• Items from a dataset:
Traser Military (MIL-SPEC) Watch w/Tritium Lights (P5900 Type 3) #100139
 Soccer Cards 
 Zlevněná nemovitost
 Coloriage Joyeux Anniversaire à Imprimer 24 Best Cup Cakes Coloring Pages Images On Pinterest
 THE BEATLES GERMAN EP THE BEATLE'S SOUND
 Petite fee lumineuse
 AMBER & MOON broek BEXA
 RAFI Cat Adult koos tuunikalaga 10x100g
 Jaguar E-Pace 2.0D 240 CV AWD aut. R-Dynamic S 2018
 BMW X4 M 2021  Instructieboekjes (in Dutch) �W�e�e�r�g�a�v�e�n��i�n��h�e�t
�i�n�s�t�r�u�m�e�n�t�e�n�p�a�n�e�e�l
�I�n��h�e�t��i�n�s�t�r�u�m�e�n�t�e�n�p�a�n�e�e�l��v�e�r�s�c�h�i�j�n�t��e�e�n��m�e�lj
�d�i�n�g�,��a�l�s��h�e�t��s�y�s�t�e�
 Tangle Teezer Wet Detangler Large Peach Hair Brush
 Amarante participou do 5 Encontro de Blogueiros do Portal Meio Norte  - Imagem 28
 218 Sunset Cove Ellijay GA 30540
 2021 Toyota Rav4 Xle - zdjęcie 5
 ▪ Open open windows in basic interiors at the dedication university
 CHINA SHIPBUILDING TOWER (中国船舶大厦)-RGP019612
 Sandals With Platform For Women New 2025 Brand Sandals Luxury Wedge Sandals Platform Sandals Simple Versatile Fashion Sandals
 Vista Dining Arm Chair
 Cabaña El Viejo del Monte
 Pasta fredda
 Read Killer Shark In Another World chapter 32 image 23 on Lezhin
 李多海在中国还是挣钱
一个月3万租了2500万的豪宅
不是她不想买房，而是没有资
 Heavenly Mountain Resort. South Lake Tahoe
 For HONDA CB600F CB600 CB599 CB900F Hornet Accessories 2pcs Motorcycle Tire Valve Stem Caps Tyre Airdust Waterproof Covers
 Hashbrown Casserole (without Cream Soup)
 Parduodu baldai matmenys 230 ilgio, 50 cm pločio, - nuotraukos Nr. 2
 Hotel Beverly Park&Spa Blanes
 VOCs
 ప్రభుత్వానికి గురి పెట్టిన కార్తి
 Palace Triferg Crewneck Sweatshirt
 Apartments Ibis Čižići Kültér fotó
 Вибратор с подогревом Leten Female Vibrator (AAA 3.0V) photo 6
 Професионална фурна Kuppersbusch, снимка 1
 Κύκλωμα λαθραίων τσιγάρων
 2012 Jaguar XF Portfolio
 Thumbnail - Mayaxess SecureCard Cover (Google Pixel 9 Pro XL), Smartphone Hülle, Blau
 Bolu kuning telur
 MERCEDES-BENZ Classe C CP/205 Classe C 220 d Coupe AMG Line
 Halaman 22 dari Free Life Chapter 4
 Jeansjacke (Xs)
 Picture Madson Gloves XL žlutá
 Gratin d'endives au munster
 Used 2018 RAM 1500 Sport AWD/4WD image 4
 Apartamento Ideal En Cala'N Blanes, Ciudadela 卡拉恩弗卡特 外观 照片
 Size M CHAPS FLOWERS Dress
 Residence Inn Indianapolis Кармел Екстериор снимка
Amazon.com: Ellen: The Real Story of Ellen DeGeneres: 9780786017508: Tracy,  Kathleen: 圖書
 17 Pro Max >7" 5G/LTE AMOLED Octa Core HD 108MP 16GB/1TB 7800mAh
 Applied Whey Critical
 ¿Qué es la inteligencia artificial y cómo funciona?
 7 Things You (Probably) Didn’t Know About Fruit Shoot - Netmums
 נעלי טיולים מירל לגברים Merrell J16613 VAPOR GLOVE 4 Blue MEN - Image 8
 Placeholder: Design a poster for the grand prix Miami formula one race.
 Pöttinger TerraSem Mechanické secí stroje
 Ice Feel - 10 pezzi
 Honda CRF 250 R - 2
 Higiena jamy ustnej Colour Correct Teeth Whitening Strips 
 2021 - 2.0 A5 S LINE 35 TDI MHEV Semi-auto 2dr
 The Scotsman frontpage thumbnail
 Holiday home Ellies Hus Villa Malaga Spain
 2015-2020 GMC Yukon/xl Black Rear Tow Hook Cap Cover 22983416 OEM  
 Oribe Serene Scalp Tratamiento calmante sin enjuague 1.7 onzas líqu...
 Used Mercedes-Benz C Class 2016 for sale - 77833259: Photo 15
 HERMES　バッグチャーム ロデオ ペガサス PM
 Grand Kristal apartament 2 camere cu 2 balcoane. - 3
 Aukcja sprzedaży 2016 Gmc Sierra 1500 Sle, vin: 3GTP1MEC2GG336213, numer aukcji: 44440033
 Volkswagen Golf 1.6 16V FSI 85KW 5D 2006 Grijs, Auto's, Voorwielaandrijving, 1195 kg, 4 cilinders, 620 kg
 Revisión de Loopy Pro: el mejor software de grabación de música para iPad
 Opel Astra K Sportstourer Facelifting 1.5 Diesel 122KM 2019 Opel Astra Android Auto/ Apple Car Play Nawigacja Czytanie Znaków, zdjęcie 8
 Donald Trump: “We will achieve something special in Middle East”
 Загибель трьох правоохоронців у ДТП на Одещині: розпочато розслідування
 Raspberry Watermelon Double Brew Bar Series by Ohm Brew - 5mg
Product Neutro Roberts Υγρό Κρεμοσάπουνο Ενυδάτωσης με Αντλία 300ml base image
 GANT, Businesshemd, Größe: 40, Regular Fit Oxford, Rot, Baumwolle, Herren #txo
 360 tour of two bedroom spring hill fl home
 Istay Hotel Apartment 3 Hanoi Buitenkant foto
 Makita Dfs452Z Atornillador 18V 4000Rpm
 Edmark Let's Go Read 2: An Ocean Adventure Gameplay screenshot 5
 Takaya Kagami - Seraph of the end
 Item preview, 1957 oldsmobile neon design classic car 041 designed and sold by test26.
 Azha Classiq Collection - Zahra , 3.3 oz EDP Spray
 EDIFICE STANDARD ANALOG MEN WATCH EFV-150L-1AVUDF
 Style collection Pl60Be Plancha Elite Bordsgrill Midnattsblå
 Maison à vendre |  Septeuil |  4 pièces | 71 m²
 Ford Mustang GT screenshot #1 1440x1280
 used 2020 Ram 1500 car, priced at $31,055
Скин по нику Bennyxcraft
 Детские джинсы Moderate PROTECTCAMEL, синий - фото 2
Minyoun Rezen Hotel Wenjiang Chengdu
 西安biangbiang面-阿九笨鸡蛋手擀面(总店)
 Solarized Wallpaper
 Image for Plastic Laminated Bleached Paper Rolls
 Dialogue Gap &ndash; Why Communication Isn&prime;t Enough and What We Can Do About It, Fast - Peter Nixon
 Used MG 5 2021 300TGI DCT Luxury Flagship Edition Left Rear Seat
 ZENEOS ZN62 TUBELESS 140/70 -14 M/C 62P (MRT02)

• Assigned task:
Retype all of the data shown above, word for word.

• Your solution:
Traser Military (MIL-SPEC) Watch w/Tritium Lights (P5900 Type 3) #100139
 Soccer Cards 
 Zlevněná nemovitost
 Coloriage Joyeux Anniversaire à Imprimer 24 Best Cup Cakes Coloring Pages Images On Pinterest
 THE BEATLES GERMAN EP THE BEATLE'S SOUND
 Petite fee lumineuse
 AMBER & MOON broek BEXA
 RAFI Cat Adult koos tuunikalaga 10x100g
 Jaguar E-Pace 2.0D 240 CV AWD aut. R-Dynamic S 2018
 BMW X4 M 2021  Instructieboekjes (in Dutch) �W�e�e�r�g�a�v�e�n��i�n��h�e�t
�i�n�s�t�r�u�m�e�n�t�e�n�p�a�n�e�e�l
�I�n��h�e�t��i�n�s�t�r�u�m�e�n�t�e�n�p�a�n�e�e�l��v�e�r�s�c�h�i�j�n�t��e�e�n��m�e�lj
�d�i�n�g�,��a�l�s��h�e�t��s�y�s�t�e�
 Tangle Teezer Wet Detangler Large Peach Hair Brush
 Amarante participou do 5 Encontro de Blogueiros do Portal Meio Norte  - Imagem 28
 218 Sunset Cove Ellijay GA 30540
 2021 Toyota Rav4 Xle - zdjęcie 5
 ▪ Open open windows in basic interiors at the dedication university
 CHINA SHIPBUILDING TOWER (中国船舶大厦)-RGP019612
 Sandals With Platform For Women New 2025 Brand Sandals Luxury Wedge Sandals Platform Sandals Simple Versatile Fashion Sandals
 Vista Dining Arm Chair
 Cabaña El Viejo del Monte
 Pasta fredda
 Read Killer Shark In Another World chapter 32 image 23 on Lezhin
 李多海在中国还是挣钱
一个月3万租了2500万的豪宅
不是她不想买房，而是没有资
 Heavenly Mountain Resort. South Lake Tahoe
 For HONDA CB600F CB600 CB599 CB900F Hornet Accessories 2pcs Motorcycle Tire Valve Stem Caps Tyre Airdust Waterproof Covers
 Hashbrown Casserole (without Cream Soup)
 Parduodu baldai matmenys 230 ilgio, 50 cm pločio, - nuotraukos Nr. 2
 Hotel Beverly Park&Spa Blanes
 VOCs
 ప్రభుత్వానికి గురి పెట్టిన కార్తి
 Palace Triferg Crewneck Sweatshirt
 Apartments Ibis Čižići Kültér fotó
 Вибратор с подогревом Leten Female Vibrator (AAA 3.0V) photo 6
 Професионална фурна Kuppersbusch, снимка 1
 Κύκλωμα λαθραίων τσιγάρων
 2012 Jaguar XF Portfolio
 Thumbnail - Mayaxess SecureCard Cover (Google Pixel 9 Pro XL), Smartphone Hülle, Blau
 Bolu kuning telur
 MERCEDES-BENZ Classe C CP/205 Classe C 220 d Coupe AMG Line
 Halaman 22 dari Free Life Chapter 4
 Jeansjacke (Xs)
 Picture Madson Gloves XL žlutá
 Gratin d'endives au munster
 Used 2018 RAM 1500 Sport AWD/4WD image 4
 Apartamento Ideal En Cala'N Blanes, Ciudadela 卡拉恩弗卡特 外观 照片
 Size M CHAPS FLOWERS Dress
 Residence Inn Indianapolis Кармел Екстериор снимка
Amazon.com: Ellen: The Real Story of Ellen DeGeneres: 9780786017508: Tracy,  Kathleen: 圖書
 17 Pro Max >7" 5G/LTE AMOLED Octa Core HD 108MP 16GB/1TB 7800mAh
 Applied Whey Critical
 ¿Qué es la inteligencia artificial y cómo funciona?
 7 Things You (Probably) Didn’t Know About Fruit Shoot - Netmums
 נעלי טיולים מירל לגברים Merrell J16613 VAPOR GLOVE 4 Blue MEN - Image 8
 Placeholder: Design a poster for the grand prix Miami formula one race.
 Pöttinger TerraSem Mechanické secí stroje
 Ice Feel - 10 pezzi
 Honda CRF 250 R - 2
 Higiena jamy ustnej Colour Correct Teeth Whitening Strips 
 2021 - 2.0 A5 S LINE 35 TDI MHEV Semi-auto 2dr
 The Scotsman frontpage thumbnail
 Holiday home Ellies Hus Villa Malaga Spain
 2015-2020 GMC Yukon/xl Black Rear Tow Hook Cap Cover 22983416 OEM  
 Oribe Serene Scalp Tratamiento calmante sin enjuague 1.7 onzas líqu...
 Used Mercedes-Benz C Class 2016 for sale - 77833259: Photo 15
 HERMES　バッグチャーム ロデオ ペガサス PM
 Grand Kristal apartament 2 camere cu 2 balcoane. - 3
 Aukcja sprzedaży 2016 Gmc Sierra 1500 Sle, vin: 3GTP1MEC2GG336213, numer aukcji: 44440033
 Volkswagen Golf 1.6 16V FSI 85KW 5D 2006 Grijs, Auto's, Voorwielaandrijving, 1195 kg, 4 cilinders, 620 kg
 Revisión de Loopy Pro: el mejor software de grabación de música para iPad
 Opel Astra K Sportstourer Facelifting 1.5 Diesel 122KM 2019 Opel Astra Android Auto/ Apple Car Play Nawigacja Czytanie Znaków, zdjęcie 8
 Donald Trump: “We will achieve something special in Middle East”
 Загибель трьох правоохоронців у ДТП на Одещині: розпочато розслідування
 Raspberry Watermelon Double Brew Bar Series by Ohm Brew - 5mg
Product Neutro Roberts Υγρό Κρεμοσάπουνο Ενυδάτωσης με Αντλία 300ml base image
 GANT, Businesshemd, Größe: 40, Regular Fit Oxford, Rot, Baumwolle, Herren #txo
 360 tour of two bedroom spring hill fl home
 Istay Hotel Apartment 3 Hanoi Buitenkant foto
 Makita Dfs452Z Atornillador 18V 4000Rpm
 Edmark Let's Go Read 2: An Ocean Adventure Gameplay screenshot 5
 Takaya Kagami - Seraph of the end
 Item preview, 1957 oldsmobile neon design classic car 041 designed and sold by test26.
 Azha Classiq Collection - Zahra , 3.3 oz EDP Spray
 EDIFICE STANDARD ANALOG MEN WATCH EFV-150L-1AVUDF
 Style collection Pl60Be Plancha Elite Bordsgrill Midnattsblå
 Maison à vendre |  Septeuil |  4 pièces | 71 m²
 Ford Mustang GT screenshot #1 1440x1280
 used 2020 Ram 1500 car, priced at $31,055
Скин по нику Bennyxcraft
 Детские джинсы Moderate PROTECTCAMEL, синий - фото 2
Minyoun Rezen Hotel Wenjiang Chengdu
 西安biangbiang面-阿九笨鸡蛋手擀面(总店)
 Solarized Wallpaper
 Image for Plastic Laminated Bleached Paper Rolls
 Dialogue Gap &ndash; Why Communication Isn&prime;t Enough and What We Can Do About It, Fast - Peter Nixon
 Used MG 5 2021 300TGI DCT Luxury Flagship Edition Left Rear Seat
 ZENEOS ZN62 TUBELESS 140/70 -14 M/C 62P (MRT02)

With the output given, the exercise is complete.